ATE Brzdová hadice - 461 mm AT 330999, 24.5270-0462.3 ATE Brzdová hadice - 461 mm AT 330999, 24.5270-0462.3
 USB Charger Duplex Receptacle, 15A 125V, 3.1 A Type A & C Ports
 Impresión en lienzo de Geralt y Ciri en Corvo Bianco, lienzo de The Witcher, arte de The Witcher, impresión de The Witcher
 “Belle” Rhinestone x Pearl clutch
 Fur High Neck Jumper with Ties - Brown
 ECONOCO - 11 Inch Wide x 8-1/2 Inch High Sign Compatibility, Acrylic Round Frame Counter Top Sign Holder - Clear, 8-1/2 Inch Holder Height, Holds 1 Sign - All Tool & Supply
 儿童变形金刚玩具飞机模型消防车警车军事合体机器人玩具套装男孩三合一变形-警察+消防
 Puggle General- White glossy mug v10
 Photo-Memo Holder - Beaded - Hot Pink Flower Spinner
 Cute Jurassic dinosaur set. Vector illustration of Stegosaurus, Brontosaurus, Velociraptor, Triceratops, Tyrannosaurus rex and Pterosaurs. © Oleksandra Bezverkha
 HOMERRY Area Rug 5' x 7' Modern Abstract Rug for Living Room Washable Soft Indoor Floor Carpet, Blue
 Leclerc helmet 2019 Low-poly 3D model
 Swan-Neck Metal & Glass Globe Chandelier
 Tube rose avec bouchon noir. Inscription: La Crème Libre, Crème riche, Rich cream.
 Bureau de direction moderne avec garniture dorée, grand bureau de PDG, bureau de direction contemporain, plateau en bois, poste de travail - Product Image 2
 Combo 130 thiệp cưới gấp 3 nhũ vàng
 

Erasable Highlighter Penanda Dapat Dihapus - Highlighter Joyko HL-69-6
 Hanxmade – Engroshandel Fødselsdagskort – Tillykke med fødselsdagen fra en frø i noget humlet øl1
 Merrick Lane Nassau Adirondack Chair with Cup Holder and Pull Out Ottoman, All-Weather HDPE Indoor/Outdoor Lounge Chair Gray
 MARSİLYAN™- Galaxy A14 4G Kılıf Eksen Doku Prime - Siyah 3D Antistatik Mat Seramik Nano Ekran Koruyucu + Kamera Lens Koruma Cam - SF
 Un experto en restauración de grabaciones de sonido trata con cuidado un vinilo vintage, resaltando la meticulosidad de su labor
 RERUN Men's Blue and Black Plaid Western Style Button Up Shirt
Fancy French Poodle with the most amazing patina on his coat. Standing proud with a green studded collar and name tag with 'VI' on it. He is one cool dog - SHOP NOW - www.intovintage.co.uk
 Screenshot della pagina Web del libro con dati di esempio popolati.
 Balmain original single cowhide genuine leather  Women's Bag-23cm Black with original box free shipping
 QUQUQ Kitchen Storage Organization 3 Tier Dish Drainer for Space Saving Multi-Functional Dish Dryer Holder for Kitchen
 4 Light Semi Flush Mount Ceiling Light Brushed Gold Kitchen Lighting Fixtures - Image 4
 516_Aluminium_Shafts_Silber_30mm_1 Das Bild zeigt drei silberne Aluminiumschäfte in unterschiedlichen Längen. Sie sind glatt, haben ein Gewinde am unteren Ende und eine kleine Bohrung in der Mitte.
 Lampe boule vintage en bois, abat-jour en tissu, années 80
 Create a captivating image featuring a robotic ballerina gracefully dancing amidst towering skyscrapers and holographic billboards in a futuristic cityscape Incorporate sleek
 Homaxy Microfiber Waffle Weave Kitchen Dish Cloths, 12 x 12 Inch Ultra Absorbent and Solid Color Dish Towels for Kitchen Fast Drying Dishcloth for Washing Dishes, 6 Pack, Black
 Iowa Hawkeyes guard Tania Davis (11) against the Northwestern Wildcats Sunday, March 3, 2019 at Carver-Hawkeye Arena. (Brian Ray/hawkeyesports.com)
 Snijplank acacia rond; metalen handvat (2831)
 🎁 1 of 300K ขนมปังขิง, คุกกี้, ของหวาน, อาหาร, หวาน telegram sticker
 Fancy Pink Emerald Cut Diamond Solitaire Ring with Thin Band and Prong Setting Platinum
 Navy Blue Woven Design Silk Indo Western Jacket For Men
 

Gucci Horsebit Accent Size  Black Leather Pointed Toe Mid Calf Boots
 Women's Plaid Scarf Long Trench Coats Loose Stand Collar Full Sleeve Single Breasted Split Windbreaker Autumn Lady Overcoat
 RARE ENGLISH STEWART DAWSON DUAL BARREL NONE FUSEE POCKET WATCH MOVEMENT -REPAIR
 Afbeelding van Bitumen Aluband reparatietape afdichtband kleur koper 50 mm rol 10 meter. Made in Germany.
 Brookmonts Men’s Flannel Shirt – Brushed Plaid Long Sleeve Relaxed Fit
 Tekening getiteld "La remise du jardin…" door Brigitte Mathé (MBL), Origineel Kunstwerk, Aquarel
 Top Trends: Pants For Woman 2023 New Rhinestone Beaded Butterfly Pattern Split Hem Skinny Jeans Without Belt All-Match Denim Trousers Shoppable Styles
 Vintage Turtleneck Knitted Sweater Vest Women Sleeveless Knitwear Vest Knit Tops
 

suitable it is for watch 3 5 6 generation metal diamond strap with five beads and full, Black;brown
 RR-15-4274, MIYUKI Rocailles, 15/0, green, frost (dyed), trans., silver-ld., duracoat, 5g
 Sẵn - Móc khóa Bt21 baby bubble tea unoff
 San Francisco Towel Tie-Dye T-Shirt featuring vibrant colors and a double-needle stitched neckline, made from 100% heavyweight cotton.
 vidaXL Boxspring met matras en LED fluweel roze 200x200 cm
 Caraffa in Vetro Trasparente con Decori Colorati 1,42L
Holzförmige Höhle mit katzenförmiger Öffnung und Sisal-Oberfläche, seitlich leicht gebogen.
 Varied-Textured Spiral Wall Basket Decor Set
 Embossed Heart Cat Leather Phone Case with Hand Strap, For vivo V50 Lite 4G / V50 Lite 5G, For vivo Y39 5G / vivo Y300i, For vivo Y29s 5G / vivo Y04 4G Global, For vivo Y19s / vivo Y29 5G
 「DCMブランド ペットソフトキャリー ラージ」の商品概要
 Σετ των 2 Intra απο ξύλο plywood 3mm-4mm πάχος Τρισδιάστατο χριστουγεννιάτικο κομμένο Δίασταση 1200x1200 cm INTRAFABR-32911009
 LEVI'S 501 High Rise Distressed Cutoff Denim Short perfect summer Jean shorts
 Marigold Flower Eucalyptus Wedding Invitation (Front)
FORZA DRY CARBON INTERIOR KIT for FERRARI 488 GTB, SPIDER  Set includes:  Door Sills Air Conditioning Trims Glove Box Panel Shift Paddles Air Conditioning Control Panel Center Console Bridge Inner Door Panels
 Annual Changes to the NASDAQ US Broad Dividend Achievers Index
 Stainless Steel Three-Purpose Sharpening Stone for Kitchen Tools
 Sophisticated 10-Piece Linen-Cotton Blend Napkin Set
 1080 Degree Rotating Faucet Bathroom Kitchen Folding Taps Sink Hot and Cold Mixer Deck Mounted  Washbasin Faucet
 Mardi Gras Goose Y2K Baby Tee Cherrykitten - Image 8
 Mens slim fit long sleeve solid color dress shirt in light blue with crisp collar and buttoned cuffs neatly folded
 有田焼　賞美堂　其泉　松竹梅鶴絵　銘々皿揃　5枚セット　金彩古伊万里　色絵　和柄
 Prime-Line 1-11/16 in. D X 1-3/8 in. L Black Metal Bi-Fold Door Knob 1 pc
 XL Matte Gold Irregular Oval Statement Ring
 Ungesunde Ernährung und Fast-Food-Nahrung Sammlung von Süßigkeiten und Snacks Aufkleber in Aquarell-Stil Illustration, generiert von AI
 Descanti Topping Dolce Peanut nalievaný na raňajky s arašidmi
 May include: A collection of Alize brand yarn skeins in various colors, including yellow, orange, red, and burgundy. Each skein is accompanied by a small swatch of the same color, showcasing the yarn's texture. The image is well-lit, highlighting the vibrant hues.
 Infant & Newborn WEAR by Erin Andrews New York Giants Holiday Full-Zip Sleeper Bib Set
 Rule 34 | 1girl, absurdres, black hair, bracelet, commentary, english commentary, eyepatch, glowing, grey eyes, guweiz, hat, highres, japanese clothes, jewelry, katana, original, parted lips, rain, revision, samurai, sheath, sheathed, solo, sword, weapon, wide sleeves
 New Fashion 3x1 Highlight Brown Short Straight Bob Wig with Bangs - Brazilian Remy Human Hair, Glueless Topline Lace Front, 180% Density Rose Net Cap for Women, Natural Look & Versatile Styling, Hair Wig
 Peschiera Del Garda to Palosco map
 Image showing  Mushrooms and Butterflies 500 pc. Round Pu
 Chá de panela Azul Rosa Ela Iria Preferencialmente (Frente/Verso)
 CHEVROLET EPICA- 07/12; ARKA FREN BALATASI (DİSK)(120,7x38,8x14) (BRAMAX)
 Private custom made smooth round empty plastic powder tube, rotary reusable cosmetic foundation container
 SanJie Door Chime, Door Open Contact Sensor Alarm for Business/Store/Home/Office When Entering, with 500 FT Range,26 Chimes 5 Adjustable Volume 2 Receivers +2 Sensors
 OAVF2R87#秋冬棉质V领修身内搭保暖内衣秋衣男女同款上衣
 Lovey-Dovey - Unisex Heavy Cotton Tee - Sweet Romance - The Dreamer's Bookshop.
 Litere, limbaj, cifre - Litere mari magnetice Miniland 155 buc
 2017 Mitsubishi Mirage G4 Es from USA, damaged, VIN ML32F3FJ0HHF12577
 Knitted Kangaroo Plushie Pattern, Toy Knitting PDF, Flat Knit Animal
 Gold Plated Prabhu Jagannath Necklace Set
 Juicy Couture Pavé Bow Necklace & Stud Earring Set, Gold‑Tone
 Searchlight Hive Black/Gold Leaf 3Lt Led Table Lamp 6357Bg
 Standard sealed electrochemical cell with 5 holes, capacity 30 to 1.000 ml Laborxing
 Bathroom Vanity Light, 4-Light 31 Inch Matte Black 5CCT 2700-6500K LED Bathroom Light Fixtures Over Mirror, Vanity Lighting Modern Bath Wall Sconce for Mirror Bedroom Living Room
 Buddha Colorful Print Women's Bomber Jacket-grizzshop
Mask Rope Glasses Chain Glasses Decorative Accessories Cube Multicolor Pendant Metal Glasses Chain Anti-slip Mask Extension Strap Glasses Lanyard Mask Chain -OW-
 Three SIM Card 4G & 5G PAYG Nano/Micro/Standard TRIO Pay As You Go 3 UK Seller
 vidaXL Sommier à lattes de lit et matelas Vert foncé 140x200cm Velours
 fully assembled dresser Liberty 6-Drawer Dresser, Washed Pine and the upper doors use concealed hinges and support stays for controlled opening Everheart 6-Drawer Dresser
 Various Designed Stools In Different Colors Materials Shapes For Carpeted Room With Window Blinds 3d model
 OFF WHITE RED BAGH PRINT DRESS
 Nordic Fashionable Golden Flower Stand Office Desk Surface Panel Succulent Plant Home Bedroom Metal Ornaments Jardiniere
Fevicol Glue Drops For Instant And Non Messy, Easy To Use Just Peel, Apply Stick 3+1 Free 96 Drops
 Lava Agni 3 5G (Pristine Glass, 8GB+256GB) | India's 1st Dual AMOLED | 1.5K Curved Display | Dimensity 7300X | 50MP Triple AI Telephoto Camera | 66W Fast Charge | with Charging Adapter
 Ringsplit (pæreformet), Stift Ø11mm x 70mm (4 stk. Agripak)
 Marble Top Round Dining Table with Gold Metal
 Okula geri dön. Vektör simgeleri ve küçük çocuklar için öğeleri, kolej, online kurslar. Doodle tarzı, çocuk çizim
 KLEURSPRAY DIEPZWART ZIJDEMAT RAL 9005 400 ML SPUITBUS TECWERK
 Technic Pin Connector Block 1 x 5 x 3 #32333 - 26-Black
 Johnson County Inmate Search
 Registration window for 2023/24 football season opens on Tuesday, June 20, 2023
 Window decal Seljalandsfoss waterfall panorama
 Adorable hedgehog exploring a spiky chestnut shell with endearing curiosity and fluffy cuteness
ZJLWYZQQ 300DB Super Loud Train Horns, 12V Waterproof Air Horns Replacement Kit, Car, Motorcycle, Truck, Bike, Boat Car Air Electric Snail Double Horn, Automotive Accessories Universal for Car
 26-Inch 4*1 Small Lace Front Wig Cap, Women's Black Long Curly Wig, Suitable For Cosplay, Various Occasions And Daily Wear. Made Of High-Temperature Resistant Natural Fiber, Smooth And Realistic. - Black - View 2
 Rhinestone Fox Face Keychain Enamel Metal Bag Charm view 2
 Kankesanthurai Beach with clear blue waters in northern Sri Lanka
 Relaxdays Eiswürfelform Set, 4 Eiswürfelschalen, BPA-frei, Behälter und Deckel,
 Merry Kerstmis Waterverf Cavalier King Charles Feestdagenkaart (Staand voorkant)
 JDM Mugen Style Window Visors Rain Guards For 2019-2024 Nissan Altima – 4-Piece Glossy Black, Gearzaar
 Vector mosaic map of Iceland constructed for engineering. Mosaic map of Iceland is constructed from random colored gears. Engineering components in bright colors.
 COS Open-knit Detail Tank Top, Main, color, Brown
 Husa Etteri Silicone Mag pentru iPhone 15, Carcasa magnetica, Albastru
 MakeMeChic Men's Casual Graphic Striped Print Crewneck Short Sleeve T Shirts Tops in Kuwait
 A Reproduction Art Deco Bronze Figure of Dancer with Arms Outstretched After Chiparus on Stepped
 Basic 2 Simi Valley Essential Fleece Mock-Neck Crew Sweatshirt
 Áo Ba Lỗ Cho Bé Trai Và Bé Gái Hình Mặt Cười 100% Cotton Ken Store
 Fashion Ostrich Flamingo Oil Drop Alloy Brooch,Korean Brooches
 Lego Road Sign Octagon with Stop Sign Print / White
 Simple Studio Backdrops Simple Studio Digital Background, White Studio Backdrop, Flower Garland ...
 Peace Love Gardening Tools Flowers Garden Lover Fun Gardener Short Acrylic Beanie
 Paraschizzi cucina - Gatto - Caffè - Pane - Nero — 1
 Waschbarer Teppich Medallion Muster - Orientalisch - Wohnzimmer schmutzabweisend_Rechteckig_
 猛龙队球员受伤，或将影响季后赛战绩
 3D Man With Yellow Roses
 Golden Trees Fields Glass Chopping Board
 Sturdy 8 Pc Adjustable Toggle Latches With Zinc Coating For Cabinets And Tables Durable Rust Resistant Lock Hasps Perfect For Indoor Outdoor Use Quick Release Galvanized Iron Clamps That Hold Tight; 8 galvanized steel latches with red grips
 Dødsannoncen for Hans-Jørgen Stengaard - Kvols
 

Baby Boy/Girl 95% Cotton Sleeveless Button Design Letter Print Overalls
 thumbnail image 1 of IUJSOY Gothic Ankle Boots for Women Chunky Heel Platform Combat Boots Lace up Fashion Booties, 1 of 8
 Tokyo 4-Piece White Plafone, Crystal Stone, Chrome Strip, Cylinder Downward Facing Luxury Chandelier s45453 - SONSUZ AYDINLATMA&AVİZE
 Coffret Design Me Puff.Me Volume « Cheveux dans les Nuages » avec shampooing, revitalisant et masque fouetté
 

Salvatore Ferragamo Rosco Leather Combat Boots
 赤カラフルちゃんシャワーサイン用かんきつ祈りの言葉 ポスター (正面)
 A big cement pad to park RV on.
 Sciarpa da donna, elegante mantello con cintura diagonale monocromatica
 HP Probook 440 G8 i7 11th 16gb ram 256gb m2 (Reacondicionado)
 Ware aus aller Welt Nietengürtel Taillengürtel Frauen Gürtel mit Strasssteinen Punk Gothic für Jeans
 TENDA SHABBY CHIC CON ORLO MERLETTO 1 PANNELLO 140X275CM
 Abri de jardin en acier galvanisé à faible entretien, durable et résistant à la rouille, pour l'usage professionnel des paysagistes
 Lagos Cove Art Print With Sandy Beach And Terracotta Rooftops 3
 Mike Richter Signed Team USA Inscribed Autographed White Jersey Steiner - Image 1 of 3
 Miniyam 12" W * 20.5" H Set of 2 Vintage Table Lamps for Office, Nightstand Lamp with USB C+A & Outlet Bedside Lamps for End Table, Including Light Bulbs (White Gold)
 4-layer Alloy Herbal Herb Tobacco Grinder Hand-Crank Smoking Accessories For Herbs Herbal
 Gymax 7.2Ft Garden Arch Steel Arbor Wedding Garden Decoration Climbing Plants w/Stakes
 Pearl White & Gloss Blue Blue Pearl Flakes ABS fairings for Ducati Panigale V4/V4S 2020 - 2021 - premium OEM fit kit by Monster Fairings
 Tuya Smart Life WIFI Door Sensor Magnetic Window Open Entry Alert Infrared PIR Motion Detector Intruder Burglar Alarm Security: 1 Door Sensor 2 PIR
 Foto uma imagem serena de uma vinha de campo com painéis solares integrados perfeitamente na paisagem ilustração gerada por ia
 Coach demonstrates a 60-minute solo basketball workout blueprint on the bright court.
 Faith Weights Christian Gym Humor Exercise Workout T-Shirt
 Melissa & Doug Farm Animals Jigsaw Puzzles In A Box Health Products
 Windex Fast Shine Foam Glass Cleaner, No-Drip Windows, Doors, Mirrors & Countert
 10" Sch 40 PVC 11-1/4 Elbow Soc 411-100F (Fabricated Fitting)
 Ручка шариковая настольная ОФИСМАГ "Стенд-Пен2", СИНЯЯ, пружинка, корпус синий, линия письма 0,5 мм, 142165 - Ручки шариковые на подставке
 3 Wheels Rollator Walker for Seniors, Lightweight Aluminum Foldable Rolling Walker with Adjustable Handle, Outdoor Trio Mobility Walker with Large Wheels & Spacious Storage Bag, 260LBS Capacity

───

— AIM OF THE EXERCISE —
Starting at the line that contains "CHEVROLET EPICA- 07/12;" and stopping after the line that contains "Knitted Kangaroo Plushie", write out every line exactly as it appears above, and no other line.

— RESPONSE BOX —
 CHEVROLET EPICA- 07/12; ARKA FREN BALATASI (DİSK)(120,7x38,8x14) (BRAMAX)
 Private custom made smooth round empty plastic powder tube, rotary reusable cosmetic foundation container
 SanJie Door Chime, Door Open Contact Sensor Alarm for Business/Store/Home/Office When Entering, with 500 FT Range,26 Chimes 5 Adjustable Volume 2 Receivers +2 Sensors
 OAVF2R87#秋冬棉质V领修身内搭保暖内衣秋衣男女同款上衣
 Lovey-Dovey - Unisex Heavy Cotton Tee - Sweet Romance - The Dreamer's Bookshop.
 Litere, limbaj, cifre - Litere mari magnetice Miniland 155 buc
 2017 Mitsubishi Mirage G4 Es from USA, damaged, VIN ML32F3FJ0HHF12577
 Knitted Kangaroo Plushie Pattern, Toy Knitting PDF, Flat Knit Animal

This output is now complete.